I pick around three things to think about during the shot. Three of the weaker things or something that has been giving me a little problem. This takes my weakness and makes it a strength since it is what is being focused on with more detail. Keeps my mind off of bad thoughts like number of arrows left, how competitors are doing, or my worst thing to think about is score.

Sent from my SCH-I545 using Tapatalk


----------



## iceman14 (Jan 25, 2011)

I talk trash. 

Whiskey makes my shots flow. 


Sent from my iPhone using Tapatalk


----------



## alexjdroske (Apr 8, 2015)

I listen to music sometimes, really loud and stuff i know and know the words to, my conscious mind then starts singing the words and then its only my subconscious I have to deal with. 

Sent from my SAMSUNG-SM-G891A using Tapatalk


----------



## lacampbell2005 (Feb 17, 2015)

I have a mantra I slowly say in my head. It is "trust your float...trust your float... trust your float". If my shot hasn't gone after three of these phrases, I let down and start over. Keeps me from over thinking anything while giving myself good advice.


----------



## graydragon2 (Nov 16, 2014)

Thanks. Ill have to try a few of these and see what works best

Sent from my SM-G935V using Tapatalk


----------



## XForce Girl (Feb 14, 2008)

heres a video of a young archer using the teapot song. She explains it but the actual song starts at 1:40.
https://www.youtube.com/watch?v=8so4k8Fcuas


----------



## subconsciously (Aug 22, 2009)

graydragon2 said:


> Any recommendations or suggestions on how to quiet the mind during the shot process. Shooting unconsciously my shots are great but as soon as my conscious mind gets involved my shots suffer.
> 
> Sent from my SM-G935V using Tapatalk


Your question is telling me your process is not solidified. If you stay focused on the process the mind is occupied. It is under the pressure situations where we start to think about what we're doing or start to second guess ourselves. The mind should be focused execution with perfection. Staying in the present tense. 

.02.


----------



## Wenty (Jan 6, 2012)

XForce Girl said:


> heres a video of a young archer using the teapot song. She explains it but the actual song starts at 1:40.
> https://www.youtube.com/watch?v=8so4k8Fcuas


So...I was shooting this morning in the basement. Just working on form and strength with the new setup. And of course...this song starts in my head! I think of this thread and was going to comment. I see the video... watch it and ended up shooting for another hour.

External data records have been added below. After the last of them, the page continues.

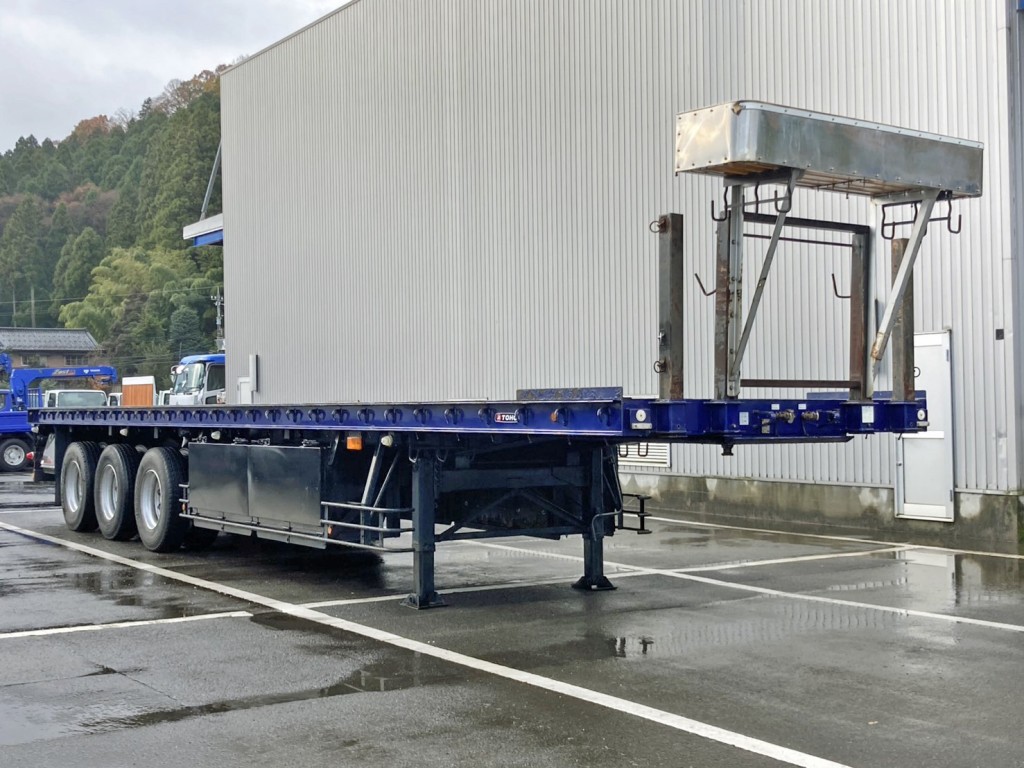 東邦 TF36H2C3の写真4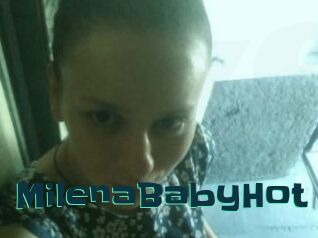 MilenaBabyHot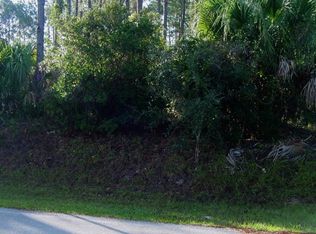 20 Raleigh Dr, Palm Coast, FL 32164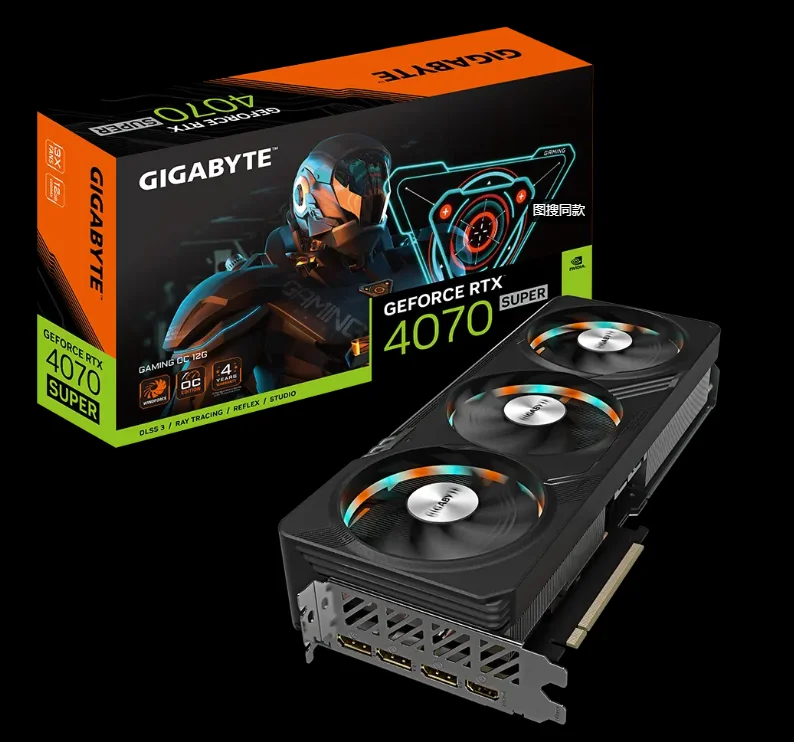 Gigabyte Gefor Rtx …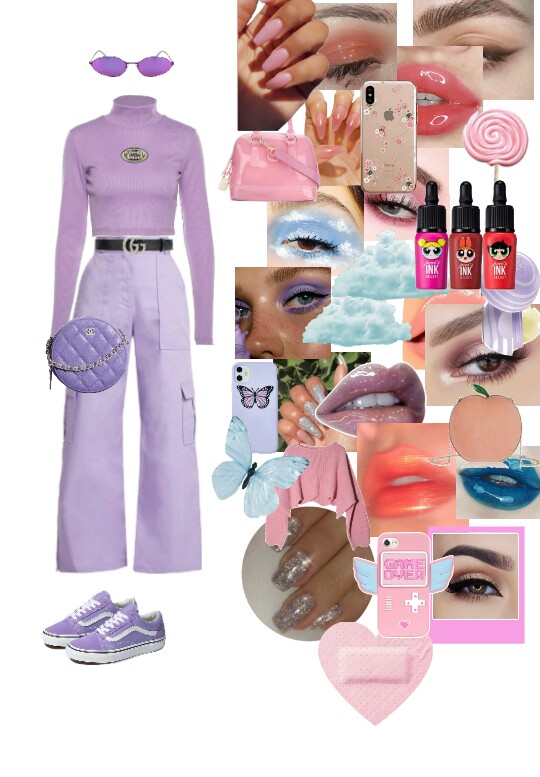 Combyne
            outfit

Goofy song for a grown man to be going over in his head...but it certainly has the right rythem to adhere to the process. It fit. I got into quite a groove today with this little jingle. It really gives a consistent order to things. She did a great job explaining her process which was easily adapted.

I didn't once think aim...or squeeze! It just happened. And that's good.


----------



## XForce Girl (Feb 14, 2008)

That's awesome.
I know the song is a little silly.
But your process is solid enough that keeping your conscious mind doing something let's your subconscious perform the process.
Really glad to hear it is working for you.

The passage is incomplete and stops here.